Although there are fundamental principles and elements that generally apply in all EPR programs, they must also adapt to local conditions - such as existing recycling infrastructure, business climate, and political landscape - to be successful.
EPR is industry funded: Producers cover the costs for the lifecycle management of their products and packaging, including collection, sorting, and recycling. Producers create the products and packaging put on the market and therefore are the stakeholder who is best suited to implement positive changes at the end of the product lifecycle.
This represents a shift away from traditional waste management approaches, where the responsibility for funding rests with municipalities and residents (commonly through taxes or direct subscription fees). To ensure compliance, an EPR law usually stipulates producers will incur a financial penalty if they do not fulfill their EPR obligations, such as meeting performance targets for recycling.
An example of EPR is a deposit return scheme (DRS) for beverage containers. A DRS works by placing a monetary value on waste. The consumer pays a small, but meaningful deposit when they buy a canned or bottled beverage, which is then refunded in full when the consumer returns the empty container, for example through a reverse vending machine (RVM) at their local retailer. After the empty bottle is returned through the RVM, it can be sorted and then recycled into a new container, over and over again.
Extended Producer Responsibility for Printed Packaging and Paper (EPR-PPP) is another example of this. Producers cover the costs of collecting and recycling printed paper and packaging through drop-off and curbside recycling operations. The program is funded by producers, and consumers are not charged a fee.
As announced in the Ellen MacArthur Foundation’s 2021 Statement and Position Paper – Extended Producer Responsibility - a necessary part of the solution to packaging waste and pollution, TOMRA along with more than 150 businesses and key stakeholders around the world have stated their commitment to and support of EPR. In Europe, the mineral water and soft drink sectors have clearly stated their support for EPR by calling for the introduction of a well-designed DRS for beverage containers.
EPR is an industry-focused policy approach. However, consumer participation is imperative for EPR programs, such as DRS, to be successful. For example, producers can design packaging to be easily recycled, but if consumers choose to dispose of that packaging rather than recycle it, high recycling rates are not possible. For EPR to be truly successful, it requires behavioral changes from both producers and consumers.

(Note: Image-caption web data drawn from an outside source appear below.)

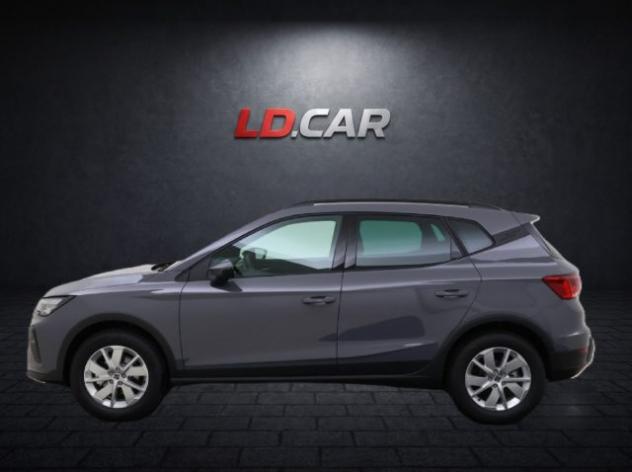 SEAT Arona 1.0 EcoTSI 116 CV Style rif. 23905526 - Foto 8
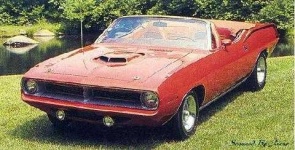 image of convertible_car
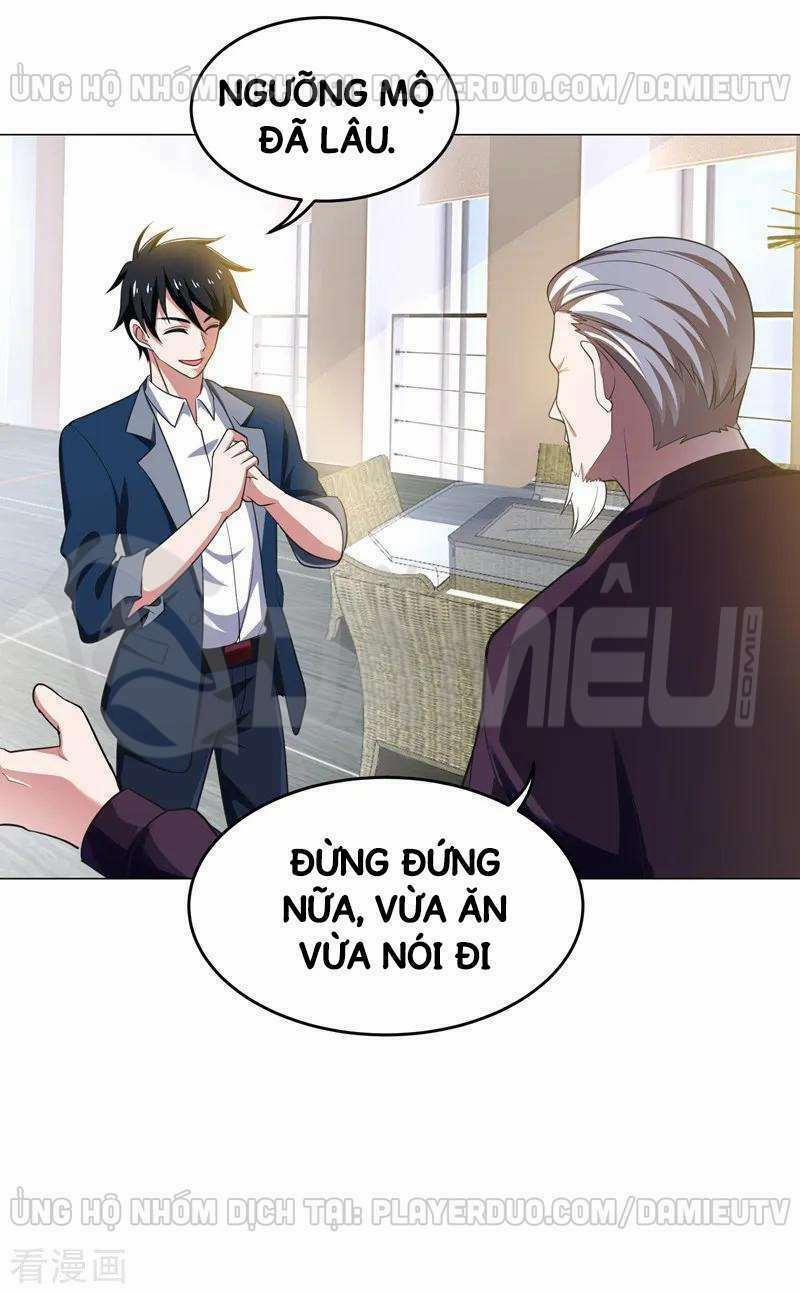 Nhặt Được Hoa Khôi Về Làm Vợ 65 trang 24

The future of EPR is likely to play out differently depending on implementation in developed vs. developing markets. Developed markets have some base level of recycling infrastructure, whereas developing markets today tend to lack recycling infrastructure.
For developed markets, where the goal is to design 75% of plastic packaging for recycling by 2030, the focus will be on high quality systems that deliver circularity.1
In developing markets, where a lower target of 50% of plastic packaging designed for recycling by 2030 are being discussed, emphasis needs to be placed on the building out of widespread but basic collection and recycling infrastructure that will be required first. This will enable EPR laws to be met.

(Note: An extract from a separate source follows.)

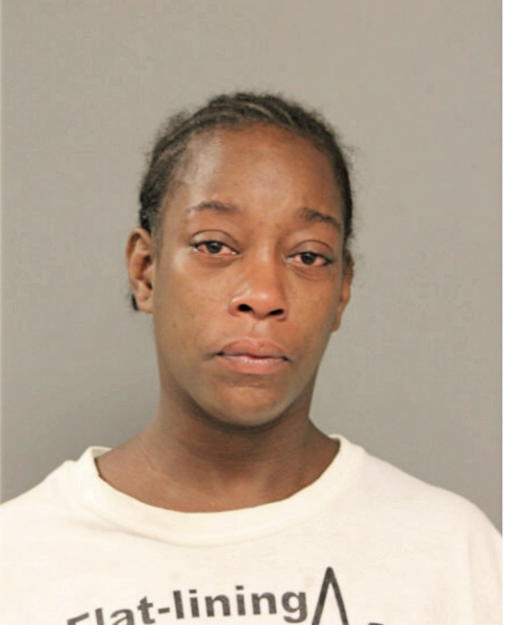 SHERRY LLOYD, Cook County, Illinois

EPR is a strategic policy approach to ensure that producers and manufacturers take responsibility for the full lifecycle of their products and packaging. This industry-funded approach incentivizes producers to prioritize packaging design and management based on the waste hierarchy to achieve better environmental outcomes.
This means more producers offer reuse, repair, and recycling over disposal, and ensure that we keep waste out of our oceans and the environment.
If you want to learn more about EPR and what it means for both producers and consumers, download TOMRA’s latest white paper EPR Unpacked: A Policy Framework for a Circular Economy. This white paper offers an in-depth look into this policy approach and how it can help with the transition to a circular economy.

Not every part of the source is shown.